An individual who has been convicted of a felony or misdemeanor may seek habeas "relief from an order or a judgment of conviction ordering community supervision." Tex. Code Crim. Proc. art. 11.072, § 1. "At the time the application is filed, the applicant must be, or have been, on community supervision, and the application must challenge the legal validity of . . . the conviction for which or order in which community supervision was imposed; or . . . the conditions of community supervision." Id. § 2(b); see Ex parte Motta, No. 13-13-00667-CR, 2014 WL 6602280, at *1 (Tex. App.—Corpus Christi Nov. 20, 2014, no pet.) (mem. op., not designated for publication) (addressing appeal of habeas application filed by individual who pleaded guilty to offense "and was placed on deferred-adjudication community supervision"). In general, a post-conviction writ of habeas corpus may not be used to decide matters that could have been raised at trial and on direct appeal. Tex. Code Crim. Proc. art. 11.072, § 3. To succeed under a post-conviction writ of habeas corpus, "the applicant bears the burden of proving, by a preponderance of the evidence, the facts that would entitle him to relief." Ex parte Ali, 368 S.W.3d 827, 830 (Tex. App.—Austin 2012, pet. ref'd). This is true for claims seeking habeas relief on the ground that the defendant's guilty plea was involuntary. See Ex parte Morrow, 952 S.W.2d 530, 535 (Tex. Crim. App. 1997).

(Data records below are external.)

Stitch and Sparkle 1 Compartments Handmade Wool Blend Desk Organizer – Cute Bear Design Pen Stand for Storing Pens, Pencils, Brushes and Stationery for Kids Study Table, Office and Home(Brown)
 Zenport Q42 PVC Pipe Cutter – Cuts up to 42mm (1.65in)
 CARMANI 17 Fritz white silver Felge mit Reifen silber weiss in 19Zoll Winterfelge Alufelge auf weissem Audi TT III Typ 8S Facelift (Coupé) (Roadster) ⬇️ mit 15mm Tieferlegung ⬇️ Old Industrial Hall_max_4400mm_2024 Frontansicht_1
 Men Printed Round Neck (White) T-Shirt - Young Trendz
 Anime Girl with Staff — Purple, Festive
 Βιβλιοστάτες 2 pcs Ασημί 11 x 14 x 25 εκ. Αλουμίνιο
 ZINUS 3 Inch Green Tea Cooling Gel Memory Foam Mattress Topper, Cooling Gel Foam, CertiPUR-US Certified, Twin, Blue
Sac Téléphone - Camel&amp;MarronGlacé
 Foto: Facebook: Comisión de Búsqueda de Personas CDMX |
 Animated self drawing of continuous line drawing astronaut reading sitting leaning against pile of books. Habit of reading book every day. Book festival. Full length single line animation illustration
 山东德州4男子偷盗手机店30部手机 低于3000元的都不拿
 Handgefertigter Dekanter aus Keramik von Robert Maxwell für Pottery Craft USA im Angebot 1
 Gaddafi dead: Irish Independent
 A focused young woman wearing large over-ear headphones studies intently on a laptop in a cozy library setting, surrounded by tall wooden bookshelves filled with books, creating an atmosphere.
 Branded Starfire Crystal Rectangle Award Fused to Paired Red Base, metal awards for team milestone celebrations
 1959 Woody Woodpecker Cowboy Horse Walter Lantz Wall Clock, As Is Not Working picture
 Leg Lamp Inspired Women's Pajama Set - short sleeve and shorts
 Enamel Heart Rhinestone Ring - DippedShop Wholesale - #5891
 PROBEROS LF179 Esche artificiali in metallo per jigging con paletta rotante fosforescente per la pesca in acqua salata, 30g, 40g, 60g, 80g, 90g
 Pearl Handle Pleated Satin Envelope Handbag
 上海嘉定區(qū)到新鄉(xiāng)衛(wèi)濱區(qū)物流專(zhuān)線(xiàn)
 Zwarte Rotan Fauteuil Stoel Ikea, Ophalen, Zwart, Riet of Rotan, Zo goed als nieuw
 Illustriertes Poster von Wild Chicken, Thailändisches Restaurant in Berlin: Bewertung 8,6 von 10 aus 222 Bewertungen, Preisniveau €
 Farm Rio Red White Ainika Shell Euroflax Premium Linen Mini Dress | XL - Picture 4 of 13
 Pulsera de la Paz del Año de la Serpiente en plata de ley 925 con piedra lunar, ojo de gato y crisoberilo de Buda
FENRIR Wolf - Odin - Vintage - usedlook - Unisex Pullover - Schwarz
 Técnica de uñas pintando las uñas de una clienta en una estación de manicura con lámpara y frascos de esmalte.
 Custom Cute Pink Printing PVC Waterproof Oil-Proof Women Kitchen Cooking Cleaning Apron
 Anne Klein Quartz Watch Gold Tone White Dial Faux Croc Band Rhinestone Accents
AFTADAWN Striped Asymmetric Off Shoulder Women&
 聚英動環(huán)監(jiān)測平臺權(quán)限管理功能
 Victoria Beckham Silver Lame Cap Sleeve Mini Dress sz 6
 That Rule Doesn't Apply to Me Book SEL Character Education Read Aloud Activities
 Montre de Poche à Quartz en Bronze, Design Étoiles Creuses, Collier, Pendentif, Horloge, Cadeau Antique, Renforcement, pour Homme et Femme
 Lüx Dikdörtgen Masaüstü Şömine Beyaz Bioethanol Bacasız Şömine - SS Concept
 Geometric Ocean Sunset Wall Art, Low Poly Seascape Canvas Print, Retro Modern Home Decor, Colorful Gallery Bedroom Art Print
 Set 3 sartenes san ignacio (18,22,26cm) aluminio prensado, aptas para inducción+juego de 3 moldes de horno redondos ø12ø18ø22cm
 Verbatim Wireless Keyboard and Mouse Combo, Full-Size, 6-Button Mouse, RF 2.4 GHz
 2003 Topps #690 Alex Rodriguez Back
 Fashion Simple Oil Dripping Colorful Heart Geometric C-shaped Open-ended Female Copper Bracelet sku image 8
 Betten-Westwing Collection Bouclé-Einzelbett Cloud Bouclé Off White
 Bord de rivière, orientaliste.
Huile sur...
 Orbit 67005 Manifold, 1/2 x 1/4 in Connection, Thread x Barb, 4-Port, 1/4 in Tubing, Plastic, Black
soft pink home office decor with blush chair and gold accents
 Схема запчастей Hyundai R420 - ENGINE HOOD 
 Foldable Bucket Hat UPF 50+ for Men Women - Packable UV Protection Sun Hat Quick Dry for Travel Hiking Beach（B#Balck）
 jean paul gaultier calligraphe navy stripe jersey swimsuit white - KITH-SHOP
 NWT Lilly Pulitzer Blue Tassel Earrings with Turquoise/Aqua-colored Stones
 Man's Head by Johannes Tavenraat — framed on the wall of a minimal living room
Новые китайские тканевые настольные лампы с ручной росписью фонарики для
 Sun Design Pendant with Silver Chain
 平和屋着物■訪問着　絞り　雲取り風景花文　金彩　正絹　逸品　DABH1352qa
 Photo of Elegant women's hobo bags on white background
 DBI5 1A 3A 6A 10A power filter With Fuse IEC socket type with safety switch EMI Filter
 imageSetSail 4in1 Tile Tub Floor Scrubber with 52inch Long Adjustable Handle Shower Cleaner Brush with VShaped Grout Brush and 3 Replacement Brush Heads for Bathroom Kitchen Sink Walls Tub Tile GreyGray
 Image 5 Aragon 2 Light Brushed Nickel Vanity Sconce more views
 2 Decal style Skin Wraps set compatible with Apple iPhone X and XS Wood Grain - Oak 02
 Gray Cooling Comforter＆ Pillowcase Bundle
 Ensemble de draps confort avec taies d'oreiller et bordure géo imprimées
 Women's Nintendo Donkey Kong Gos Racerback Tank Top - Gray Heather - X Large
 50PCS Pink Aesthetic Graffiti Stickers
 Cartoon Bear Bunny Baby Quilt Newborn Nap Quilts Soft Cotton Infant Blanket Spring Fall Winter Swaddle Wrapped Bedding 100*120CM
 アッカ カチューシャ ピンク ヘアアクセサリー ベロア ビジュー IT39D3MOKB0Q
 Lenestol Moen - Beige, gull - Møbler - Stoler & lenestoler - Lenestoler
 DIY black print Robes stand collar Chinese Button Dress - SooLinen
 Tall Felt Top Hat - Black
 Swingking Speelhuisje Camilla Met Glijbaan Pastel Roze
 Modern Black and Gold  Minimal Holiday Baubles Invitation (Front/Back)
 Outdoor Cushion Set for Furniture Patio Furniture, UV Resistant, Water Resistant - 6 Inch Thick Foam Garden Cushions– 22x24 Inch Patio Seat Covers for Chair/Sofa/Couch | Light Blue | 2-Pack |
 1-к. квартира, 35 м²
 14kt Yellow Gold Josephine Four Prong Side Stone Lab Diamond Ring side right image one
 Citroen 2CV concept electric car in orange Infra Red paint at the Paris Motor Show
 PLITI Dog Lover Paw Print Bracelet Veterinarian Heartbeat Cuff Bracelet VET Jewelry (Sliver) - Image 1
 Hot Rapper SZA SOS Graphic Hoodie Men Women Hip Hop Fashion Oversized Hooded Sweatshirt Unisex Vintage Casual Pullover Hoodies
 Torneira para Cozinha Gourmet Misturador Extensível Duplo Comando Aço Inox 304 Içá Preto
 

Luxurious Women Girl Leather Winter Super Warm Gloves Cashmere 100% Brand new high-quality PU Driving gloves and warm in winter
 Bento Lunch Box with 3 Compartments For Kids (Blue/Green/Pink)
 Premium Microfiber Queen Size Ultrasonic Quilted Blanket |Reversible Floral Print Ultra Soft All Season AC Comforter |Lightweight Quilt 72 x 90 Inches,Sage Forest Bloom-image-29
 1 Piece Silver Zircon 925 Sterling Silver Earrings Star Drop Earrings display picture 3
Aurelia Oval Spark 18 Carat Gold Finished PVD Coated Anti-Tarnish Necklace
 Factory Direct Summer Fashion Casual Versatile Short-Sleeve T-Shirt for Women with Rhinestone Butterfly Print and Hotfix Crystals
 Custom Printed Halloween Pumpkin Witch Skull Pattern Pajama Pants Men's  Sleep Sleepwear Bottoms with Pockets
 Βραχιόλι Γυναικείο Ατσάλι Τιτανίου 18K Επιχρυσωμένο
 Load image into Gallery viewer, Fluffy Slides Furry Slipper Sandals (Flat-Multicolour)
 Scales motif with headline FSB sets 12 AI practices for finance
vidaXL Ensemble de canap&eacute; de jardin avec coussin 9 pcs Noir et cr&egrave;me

In habeas proceedings, "[v]irtually every fact finding involves a credibility determination," and "the fact finder is the exclusive judge of the credibility of the witnesses." Ex parte Mowbray, 943 S.W.2d 461, 465 (Tex. Crim. App. 1996). For habeas proceedings under article 11.072, "the trial court is the sole finder of fact," and appellate courts afford "almost total deference to a trial court's factual findings when supported by the record, especially when those findings are based upon credibility and demeanor." Ex parte Ali, 368 S.W.3d at 830. "[W]hen the facts are uncontested and the trial court's ruling does not turn on the credibility or demeanor of witnesses, a de novo review by the appellate court is appropriate." Id. at 831.

DISCUSSION

Right to an Interpreter

In his first issue on appeal, Hernandez-Prado contends that his plea was involuntary. When presenting this argument, Hernandez-Prado refers to the following three types of rights discussed in Marin v. State: "(1) absolute requirements and prohibitions; (2) rights of litigants which must be implemented by the system unless expressly waived; and (3) rights of litigants which are to be implemented upon request." 851 S.W.2d 275, 279 (Tex. Crim. App. 1993), overruled in part on other grounds by Cain v. State, 947 S.W.2d 262, 264 (Tex. Crim. App. 1997). Moreover, he notes that if a trial court is aware that a defendant does not understand English, the right to an interpreter is a right falling under the second category, see Garcia v. State, 149 S.W.3d 135, 145 (Tex. Crim. App. 2004), and accordingly, that an accused may only waive the right if the waiver is made "'plainly, freely, intelligently, sometimes in writing and always on the record,'" Garcia v. State, 429 S.W.3d 604, 607 (Tex. Crim. App. 2014) (quoting Marin, 851 S.W.2d at 280) (emphasis added in Garcia); see also id. (providing that if trial court knows that defendant cannot understand English, court must appoint interpreter unless defendant waives appointment). In light of the preceding, Hernandez-Prado argues that his plea was involuntary because the district court never specifically stated that he had the right to an interpreter and that, accordingly, he could not and did not knowingly waive that right during the plea proceeding occurring more than ten years earlier. Cf. Ex parte Perez, 398 S.W.3d 206, 215-18, 216 n.12 (Tex. Crim. App. 2013) (describing how common law principle of laches applies in post-conviction habeas cases and explaining that delay of five years or more in bringing habeas claim "may generally be considered unreasonable in the absence of any justification for the delay").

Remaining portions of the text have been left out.